All 12 episodes of Human Target: The Complete First Season are included, spread across three discs, as follows:
* "Embassy Row"
* "Salvage and Reclamation"
* "Corner Man"
* "Christopher Chance"
You know those concepts that seem really cool, but for whatever reason, no one can seem to get them off the ground? I hate to point a finger to the Hulk, but there's a perfect example: a seemingly ready-made hit that should translate well from the small screen and comic pages to the big screen. Sadly, neither Ang Lee's 2003 Hulk or Louis Leterrier's 2008 The Incredible Hulk could seem to come close to big screen success with Marvel's green goliath. Human Target seemed to be cursed with a similar fate, until now.

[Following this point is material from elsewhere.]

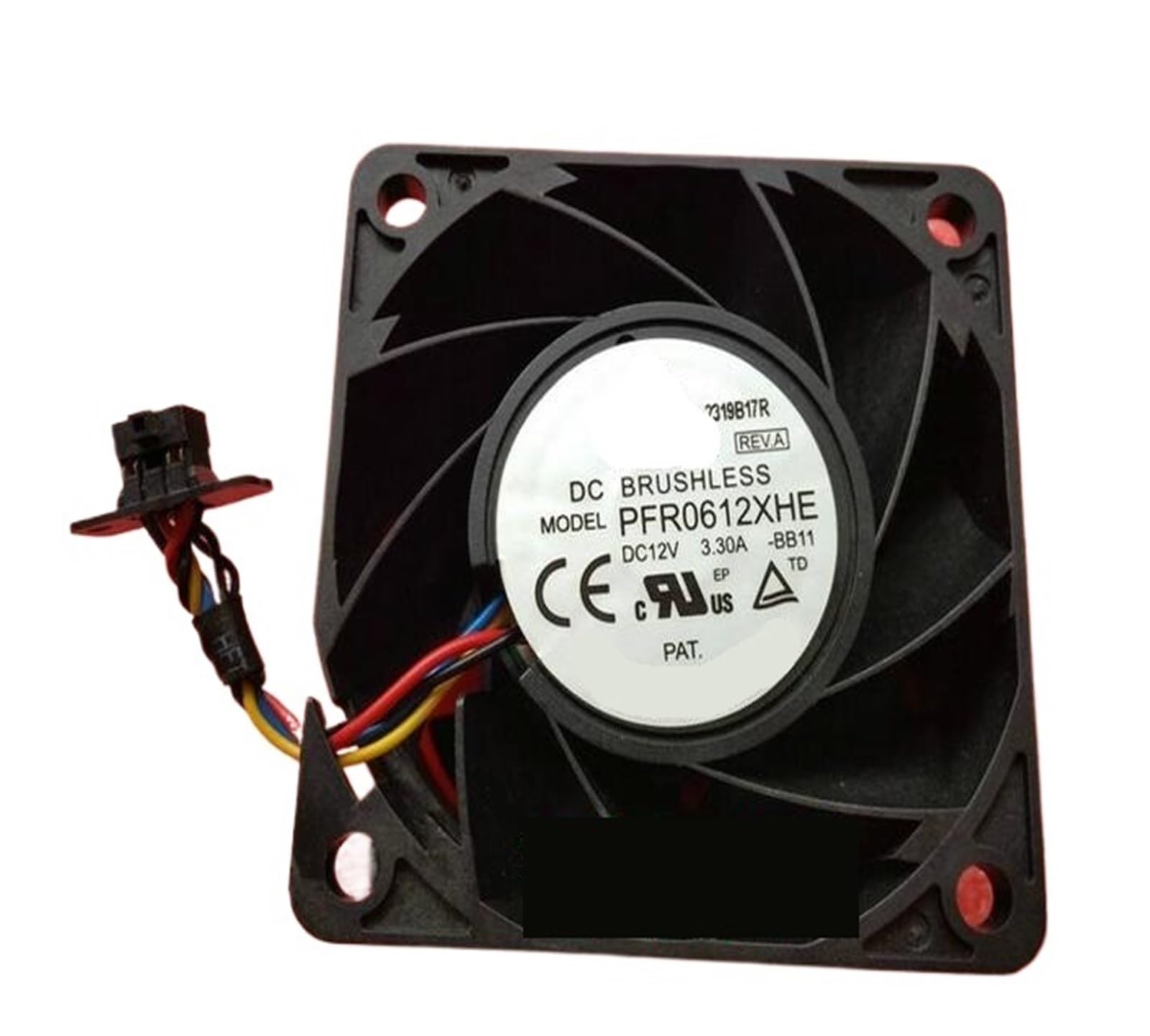 IVEKYKIBC 6038 PFR0612XHE DC12V 3.30A 60 * 38MM 4 line Fan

Beginning life as an American comic book created by Len Wein, best known as the co-creator of Swamp Thing for DC and Wolverine for Marvel, and Carmine Infantino, who was cited in Comics Buyer's Guide Millennium Poll as the greatest penciller of all time, Human Target/Christopher Chance was part detective and part bodyguard. Chance impersonated his clients to keep them out of harm's way, while also drawing in their enemies to take them out in the process. Cool, right? When you think of great casting choices to play a cool character like that, I'm sure that like me, your mind went to one man: Rick Springfield. Okay, maybe not. While he may have wished that he had Jessie's girl, Springfield was poorly cast as Christopher Chance in a '90s ABC adaptation of the concept that lasted just seven episodes. Critics felt Springfield was unbelievable in the lead role of an ex-commando turned hero.

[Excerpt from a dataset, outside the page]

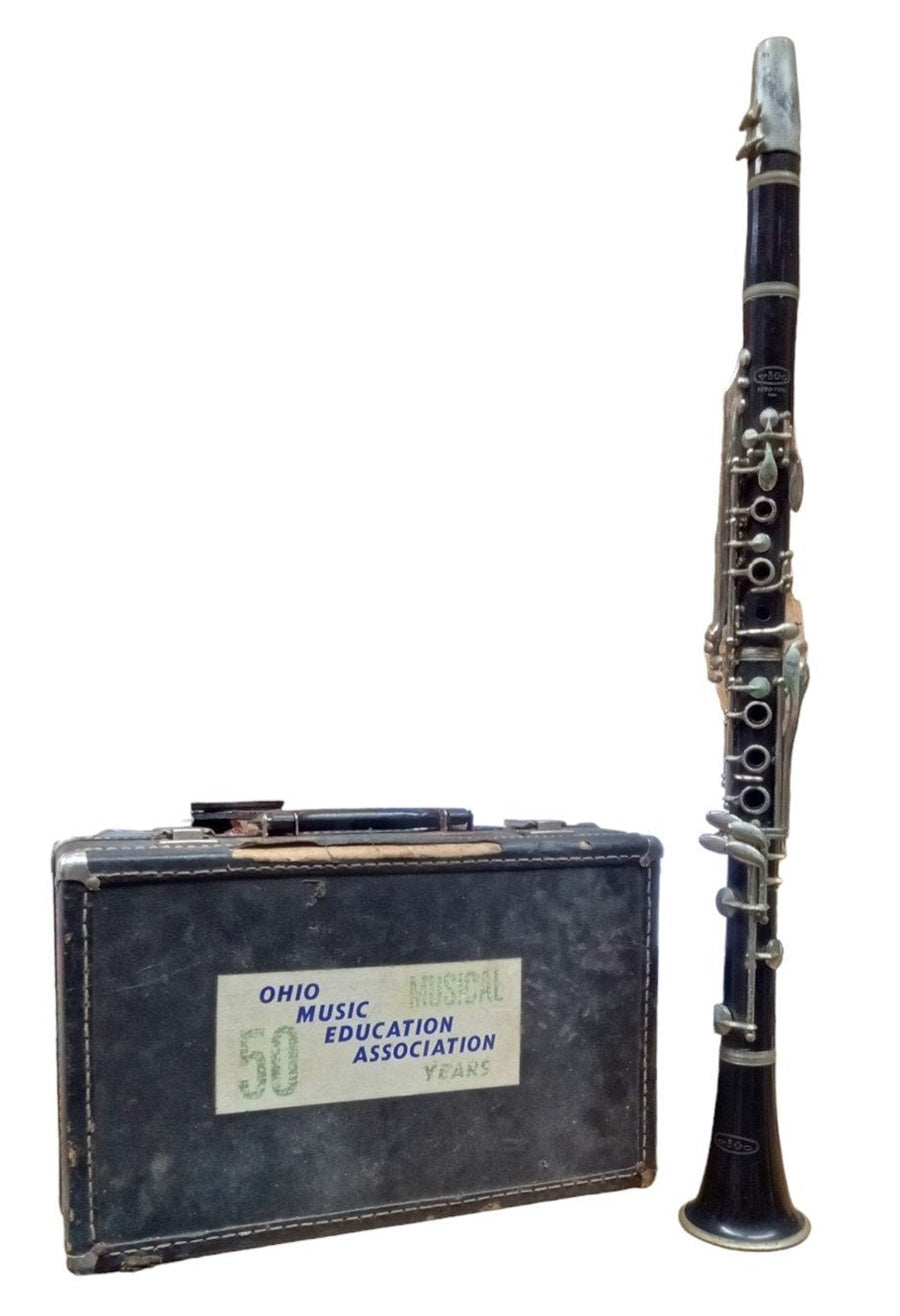 Vito Reso-Tone Clarinet Vintage Collectible Musical Instrument Woodwind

It was almost 20 years before the cool concept hit the radar of TV execs and Human Target returned to the small screen again. I'm the first to admit that Human Target: The Complete First Season seems fairly rife with clichés: over-the-top action and fight sequences, seemingly seedy guys you might not be able to trust, a camera-friendly lead that makes both ladies and men take notice, a bitter former cop with a grudge, mysterious enemies behind every turn and a formulaic adventure-of-the-week approach that has been all too familiar on TV for many years now. Do you want to know the real kicker? It's fantastic!
When a series is anchored by a core cast of only three actors, the casting folks need to make the right choices out of the gate and Mark Valley, Chi McBride and Jackie Earle Hayley have fantastic chemistry, playing well off each other and each holding their own whether in scenes together, or on their own. As an aside, while many online naysayers said Mark Valley was just too old, there's a certain masked superhero with a shield that I think Valley would have played to a tee, no disrespect to Chris Evans. With a series like this, a balance needs to be struck early between strong writing, interesting characters and exciting action scenes, and from the opening moments of the pilot Human Target: The Complete First Season doesn't disappoint. As we learn in the commentary for the series' pilot episode, the 2010 incarnation of Human Target was seen as part Die Hard, part Lethal Weapon and part Raiders of the Lost Ark. With inspiration like that, it's no wonder the series is so fun and addicting, especially when the series' creators are committed to delivering a mini-action film within a tight weekly shooting schedule.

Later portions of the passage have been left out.